Hugh Mulzak served as the primary Black Liberty ship captain in World Battle II. When supplied the command, he refused to sail with a segregated crew. An up to date repost in honor of Black Historical past Month.
Born in 1886 on Union Island in Saint Vincent Grenadines, he went to sea at 21 and served on British, Norwegian, and American sail and steam-powered ships. After finding out on the Swansea Nautical School in South Wales, he earned a mate’s license in 1910. He served as a deck officer on 4 ships throughout World Battle I.
In 1918, he grew to become a naturalized US citizen and in 1920 sat for his Grasp’s license, incomes an ideal rating on the take a look at.

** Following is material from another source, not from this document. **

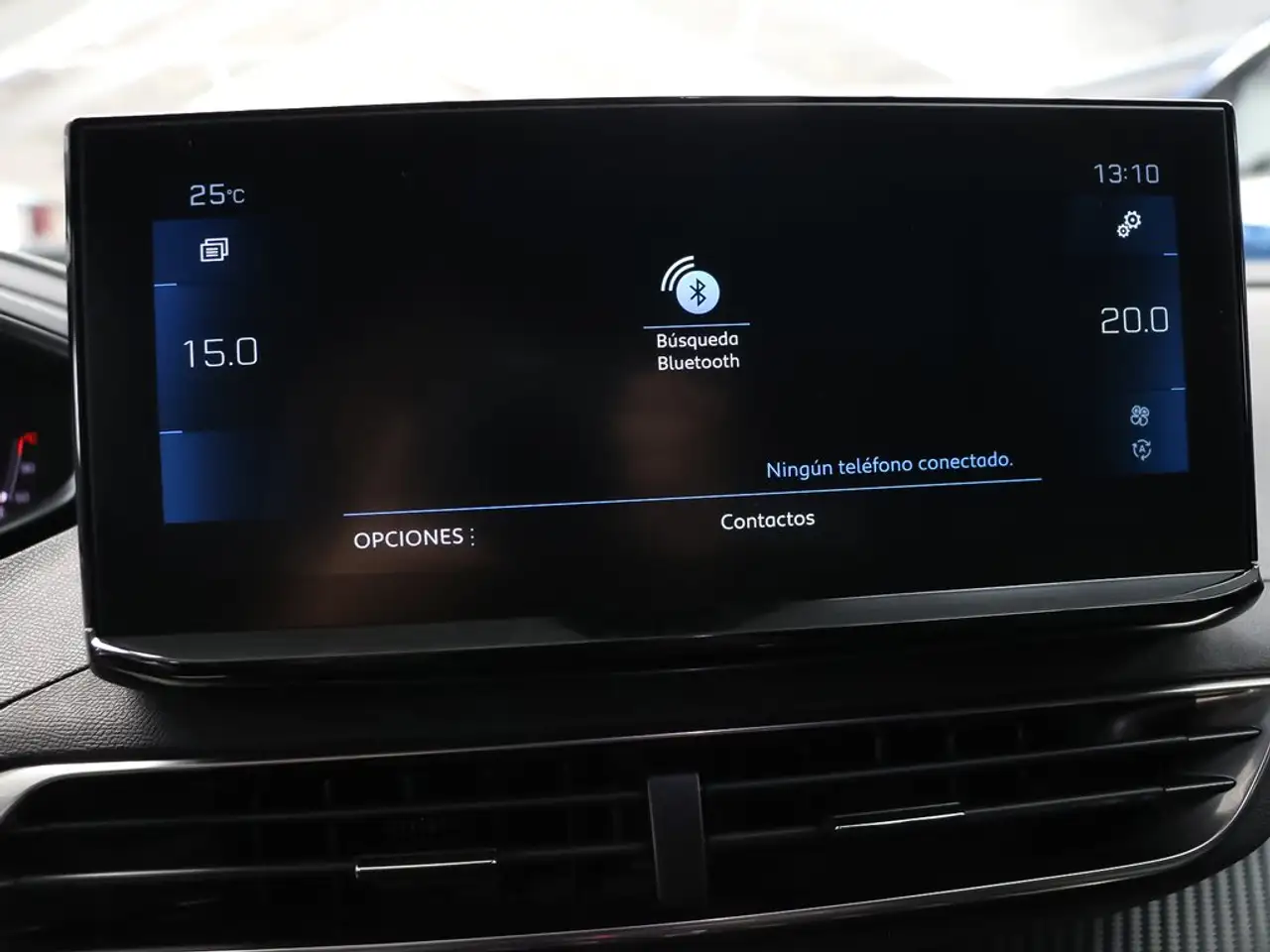 Peugeot 3008 1.2 S&S PureTech Allure Pack 130 — Galerie du véhicule 16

Regardless of his expertise and {qualifications}, he was usually solely capable of finding work aboard American ships as a messman or cook dinner. Mulzak has been described as “essentially the most over-qualified ship’s cook dinner in maritime historical past.”
When World Battle II broke out and there was a scarcity of deck officers, Mulzak was given the chance to command a brand new Liberty ship. At age 56, it could be his first and probably final probability to command. The ship was the SS Booker T. Washington, named after the influential Black educator, creator, and orator. The ship would even have an all-Black crew.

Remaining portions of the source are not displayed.